それだけで、鉄は豆腐のように切れる。それだけで、人の未来を断つ事ができる。
「どうぞ」
目を開けると、距離を取り終えた縁が開始の合図をする。
どうやら完全に受身のようだが、そこまで舐められるとさすがに悔しい物がある。
剣への干渉は三割程に留め、当てる事を優先する。もう自分の体の一部であるフェイズ2の領域を使い、スピードに重点を置き強化する。
「当てるぞ、縁。……怪我すんなよ」
「大丈夫です。当たりませんから」
「こ、このやろ……。いくぞ!!」
自分の言葉を合図に駆け出し、縁と10m程の距離を秒未満でゼロにする。
両手で構えていた剣を、突進したスピードを載せて、縁の額に向け突き出す。
瞬発力を強化して繰り出された刺突の剣速は、常人になら痛みを感じる暇もなく死を与えるだろう。その殺傷力を迷いなく縁に向けるという暴挙を犯す。
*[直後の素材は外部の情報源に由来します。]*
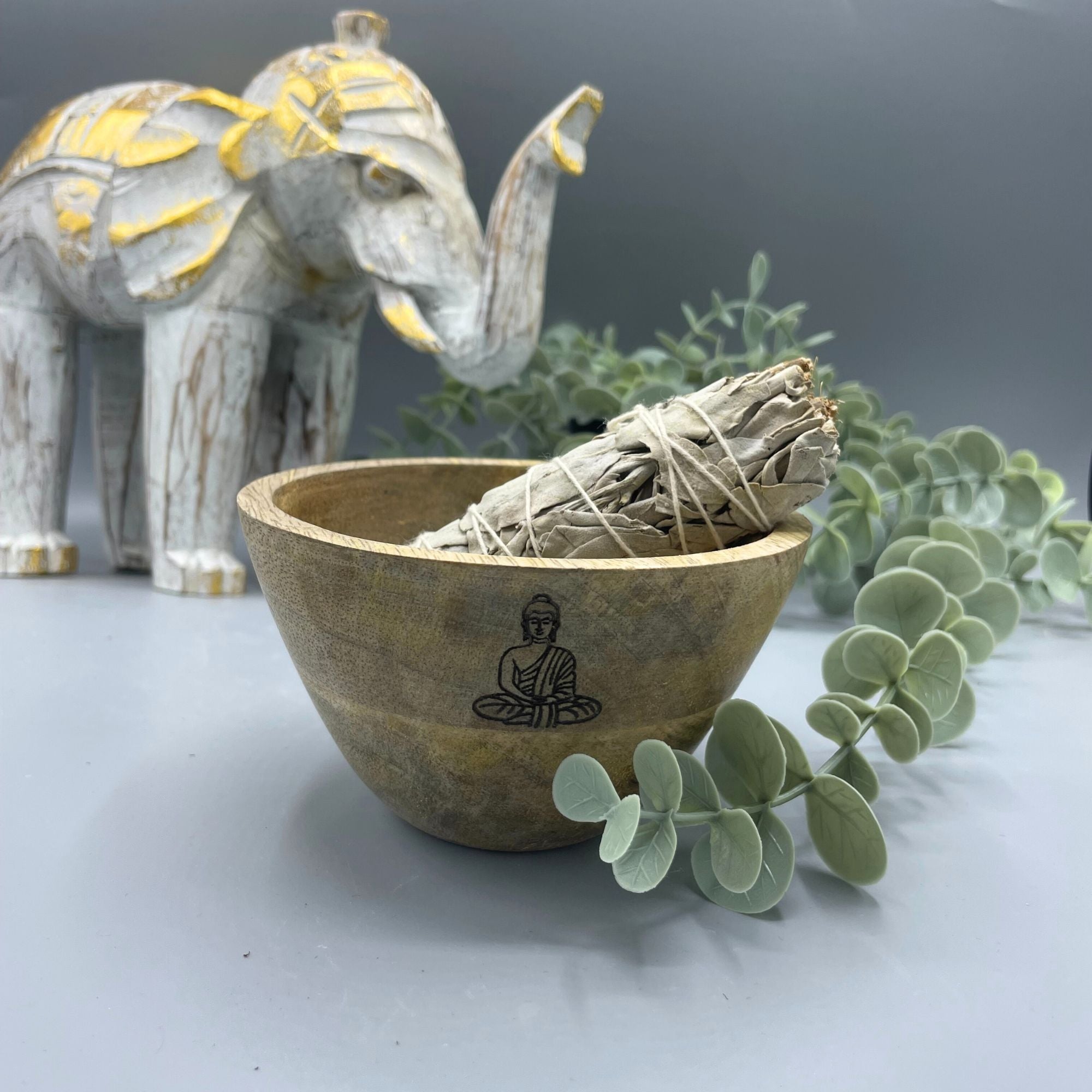 Ritualschale Buddha · Mangoholz · 12x7cm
でも、これでいい。いや、こんな物では足りない。こんなスピードで、縁には届かない。
「く……」
予想通り回避されていた。そして完全に見切られている。縁は横に避けず縦に避けていた。
剣での突きを、最小限のステップとスウェーバックで避けるという、高難度な回避を縁は選択していた。それに加え、刃先と額との距離はミリ単位の正確さを見せている。その僅かな空間は縁が意図的に作った物であり、俺との力量差を如実に物語っている。決して惜しいなどという感情は湧いてこなかった。
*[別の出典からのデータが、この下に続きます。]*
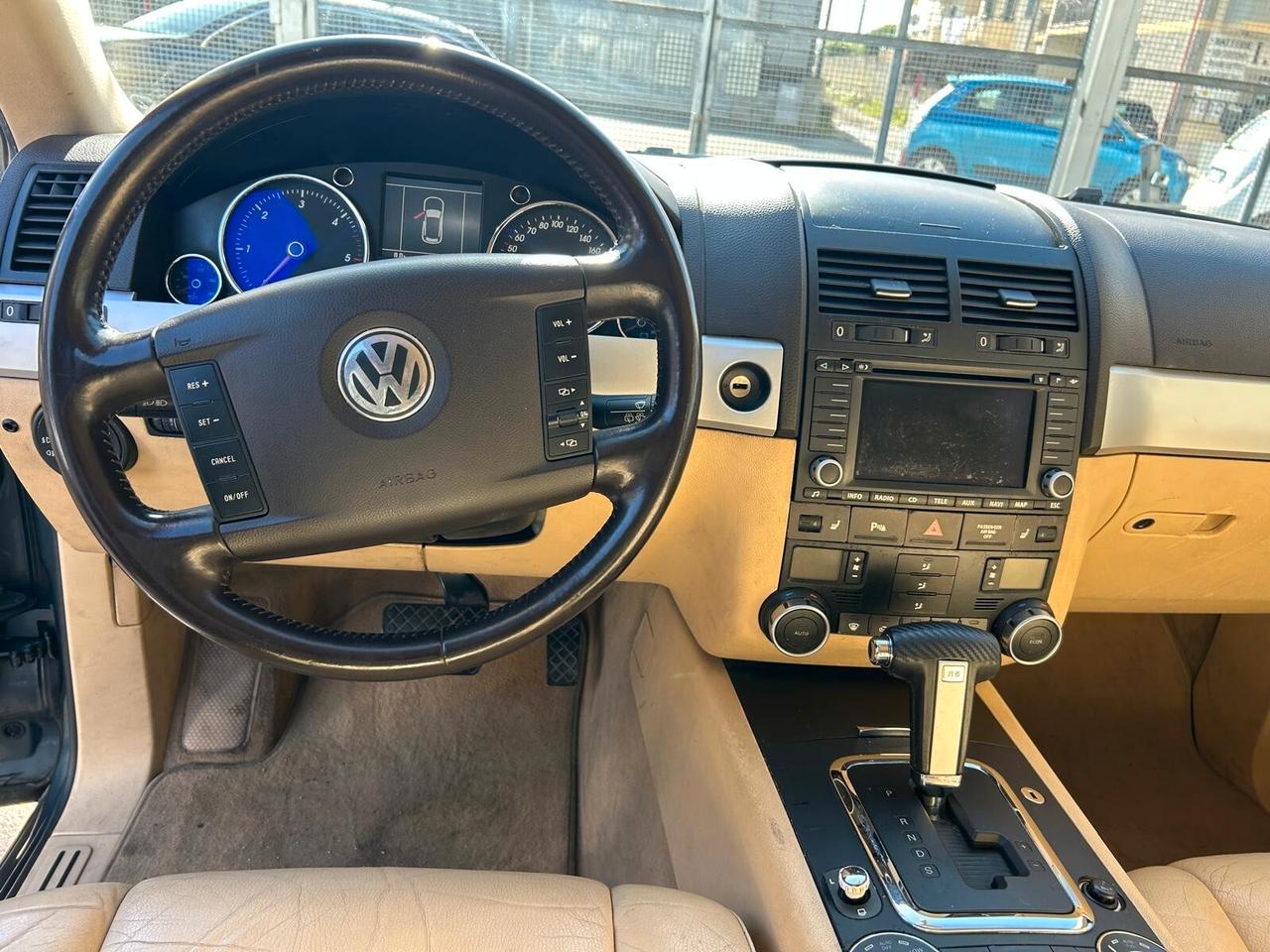 Volkswagen Touareg 2.5cc diesel 12 mesi garanzia-2004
だが突き出した刃先には微かな手応えがあった。恐らく縁の前髪なんだろう。しかし今の俺の干渉では、この鋭利な刃でも縁の前髪を切る事すら出来ていなかった。
いや、もしかすると縁は髪すらも避けて、その後にわざと髪で剣を触ったのかもしれない。もしそうなら、恐るべき空間把握能力だ。
「このっ!」
瞬き程の時間の一攻防で、既に敗北感で満たされた俺は、声を出して自分を奮い立たせる。
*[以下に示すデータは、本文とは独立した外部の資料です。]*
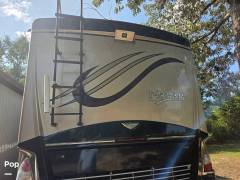 2015 Fleetwood Discovery 40G, $ 100,000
剣の干渉もそっちのけで、当てる事に全ての領域を使う。多分、このまま当たっても折れるのは剣になりそうな気がするが、この敗北感を払拭するにはまず当てないと始まらない。
自分が出来る様々な斬撃を繰り返す……が、当たらない。当たる気がしない。
縁は紗枝さんのように、目の前から消え失せるなんて馬鹿げた身体能力を持っているわけではない。まだまだ及ばないものの、基本性能は俺と大差ないと思うんだが……かすりもしねぇ。
「はぁ、はぁ、はぁ」
「もう終わりですか?」
「こ、この癒し系がぁ! 後でおんぶしてやるからな!!」
「や、やめてください……」
当ててやる! 当ててやるぞおおおお!! 当てて、当て…………当たんねぇえええええ!!
怯んだ縁に飛び掛ったが、やっぱり俺の剣は空気しか切らない。しかも縁は一定ではない俺の斬撃を、全て紙一重で避けている。その様は格式高い演舞のように優雅であり、針穴を通すかのように精密であり、只ならぬ完成度を俺に見せつけていた。
その攻防の最中、俺は少しの違和感を感じ取る。
縁は見て避けていると言うより、知っているかのような避け方をする。俺の斬撃の始動から、避ける動作までの時間がゼロに近いと言っていいほど反応が鋭い。
初動を見て剣の軌道を読むのは当たり前だが、それを認識して計算し、避ける動作に移すまでは必ず時間のロスが発生する。でも、縁にはそれがまったくない。
「?」
縁は剣を避けざまに、俺の体を手の平で何箇所もポンポンと触ってくる。避けてから触るまでの動作に無駄が一切ない。あらかじめ決められていたかのような流れ作業だ。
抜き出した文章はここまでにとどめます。